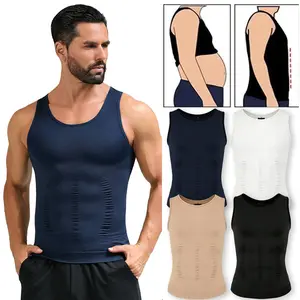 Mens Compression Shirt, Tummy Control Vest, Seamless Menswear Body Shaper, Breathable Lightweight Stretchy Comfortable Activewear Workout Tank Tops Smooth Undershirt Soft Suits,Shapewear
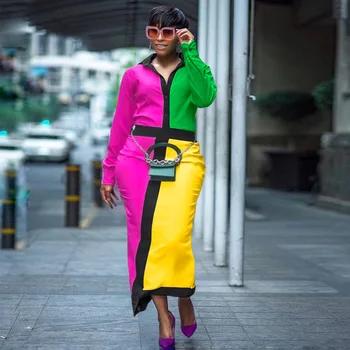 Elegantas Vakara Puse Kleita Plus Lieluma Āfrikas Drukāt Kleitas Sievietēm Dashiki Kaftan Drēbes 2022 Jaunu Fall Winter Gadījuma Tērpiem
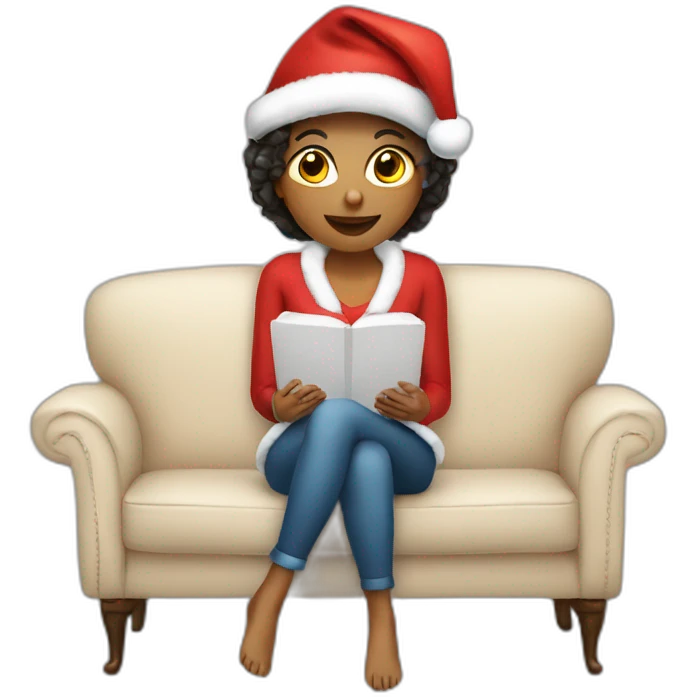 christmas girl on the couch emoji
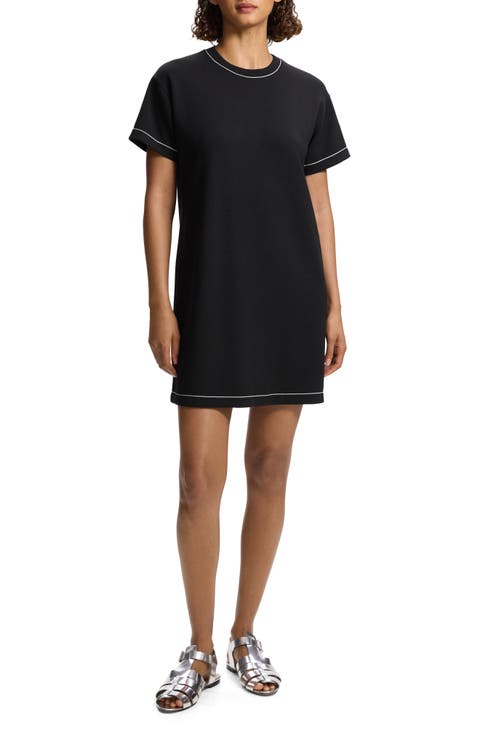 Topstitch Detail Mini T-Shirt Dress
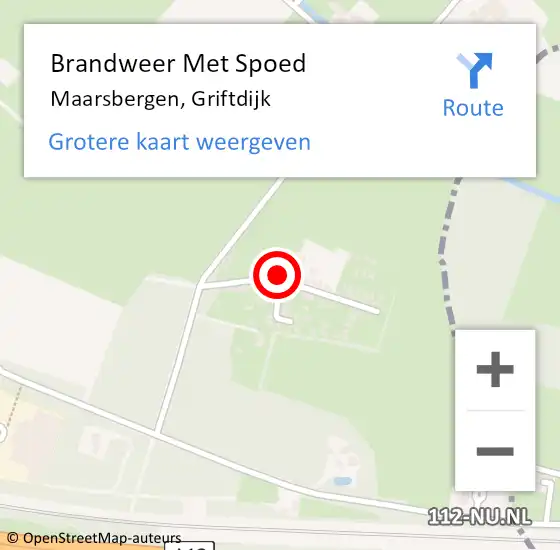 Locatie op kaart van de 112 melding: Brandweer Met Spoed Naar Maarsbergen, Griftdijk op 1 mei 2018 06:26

→ **REQUIREMENT**: Print the listing word for word but skip its pictures.

→ **RESULT FOR THIS TASK**:
 Mens Compression Shirt, Tummy Control Vest, Seamless Menswear Body Shaper, Breathable Lightweight Stretchy Comfortable Activewear Workout Tank Tops Smooth Undershirt Soft Suits,Shapewear
 Elegantas Vakara Puse Kleita Plus Lieluma Āfrikas Drukāt Kleitas Sievietēm Dashiki Kaftan Drēbes 2022 Jaunu Fall Winter Gadījuma Tērpiem
 christmas girl on the couch emoji
 Topstitch Detail Mini T-Shirt Dress
 Locatie op kaart van de 112 melding: Brandweer Met Spoed Naar Maarsbergen, Griftdijk op 1 mei 2018 06:26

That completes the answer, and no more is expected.